Wednesday, February 25, 2009

Pismaniye: Day 25

By the end of the day, I was getting concerned that I was not going to have anything to “write home about” for today. You couldn’t exactly have a day in the Month of Inspiration that didn’t have inspiration.

(The truth is, you might have an uninspiring day in the Month of Inspiration, but it’s not because the inspiration wasn’t there. It’s because you weren’t open to it that day. Of course, this knowledge wasn’t really helping much at the time.)

Well, Day 25 was getting to be one of these days. I had shuffled a couple appointments around last-minute, because I felt I needed the extra time at home. I had not been feeling particularly motivated, despite there being a whole lot to do. And to really exacerbate the fact that these choices were really not working well for me, I showed up for an ice cream benefit on the wrong day!

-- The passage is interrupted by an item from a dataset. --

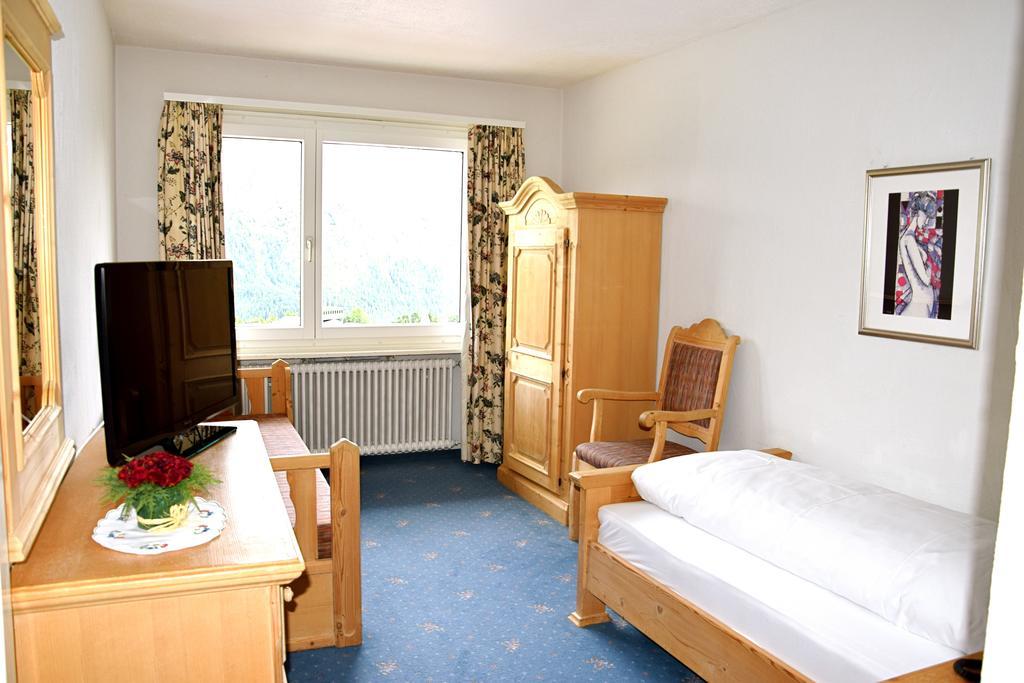 Hotel Salastrains Saint-Moritz Chambre photo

It was around 8 p.m. when I walked away from the ice cream place and back the seven blocks to my car – with no ice cream but with a heavy feeling of failure instead. “Man, I really screwed up this day!” I thought. That I was living in the Month of Inspiration was the furthest thing from my mind.

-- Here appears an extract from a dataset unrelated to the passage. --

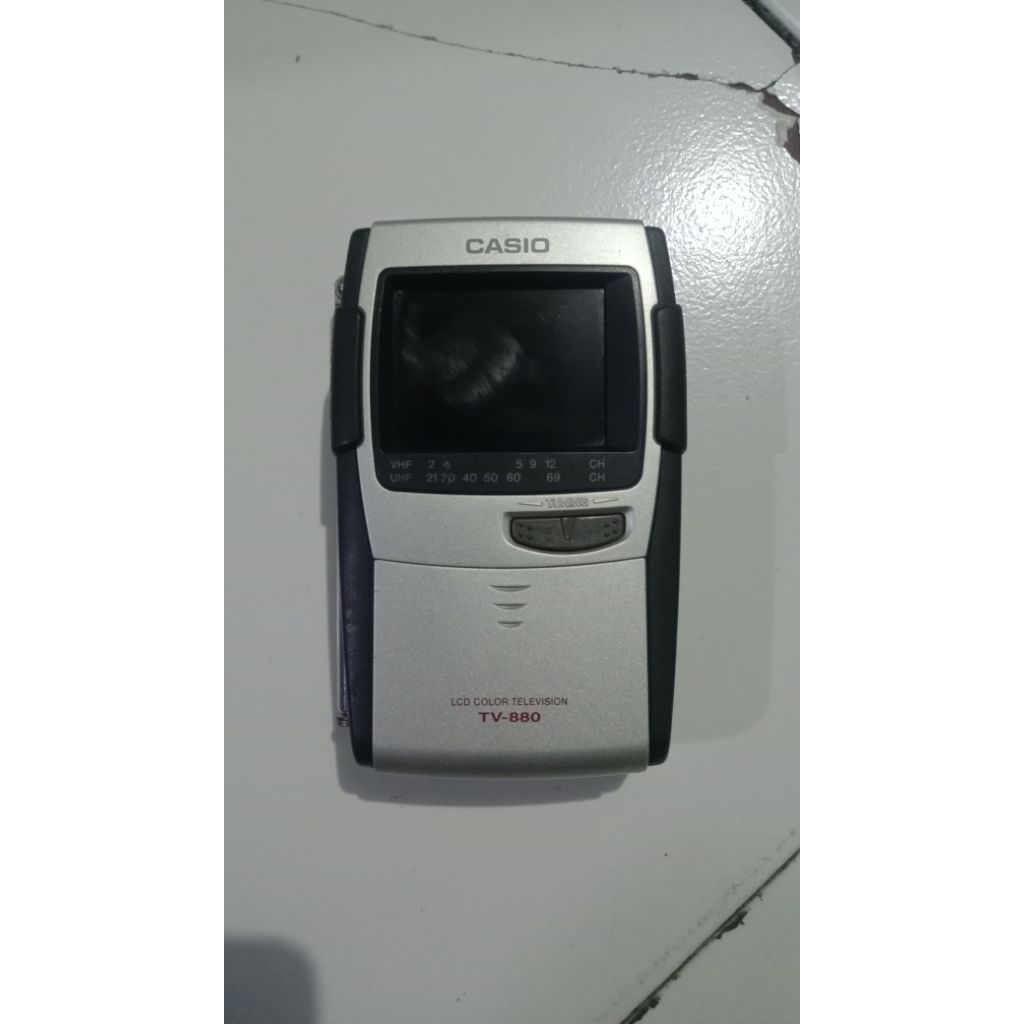 tv portable mini merk casio tv- 880c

Then I came upon a Mediterranean restaurant. It always smells good around this place, and this time was no exception. I popped in to see what homemade desserts they had today: baklawa, Turkish delights, and these squares that looked like stringy cotton candy. The girl behind the counter was very helpful and vouched that they were all delicious. Of course, I asked about the one I’d never seen before, the one she wouldn’t tell me the name of. They reminded me square versions of the Highland cows in Scotland, without the horns and the rural smell.

Pismaniye. (Here's what it looks like.) It has a more traditional name, but it’s harder to say. I got one vanilla square and one chocolate square to go. I didn’t even wait to get back to my car to start tearing into it. Delicious and mentally stimulating! I wondered the whole time how they made these things.

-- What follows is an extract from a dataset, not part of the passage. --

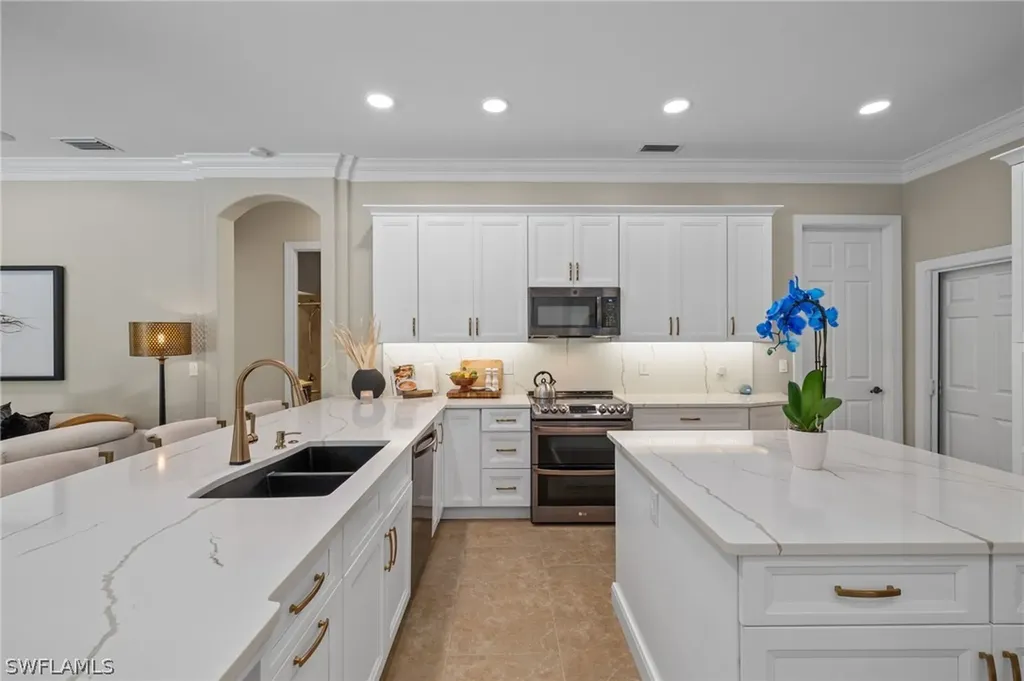 8796 Tropical Court Fort Myers FL 33908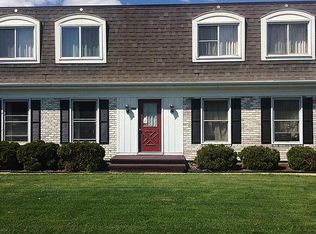 344 Stanley Ct APT D, Neenah, WI 54956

And that’s when it hit me. I had stopped thinking about how much of screw-up I had been today. I had stopped strategizing how I could fix it before I went to bed that night. I had gotten a do-over – and my inspiration for the day.

Tony Robbins says that in order to get past your misery, you have to start ahead of it. There’s nothing like something strange and delicious to help us get out of our own misery and re-connect us to the world. Do you feel like you need a reset button? What will be your strange and delicious “pasmaniye experience” today?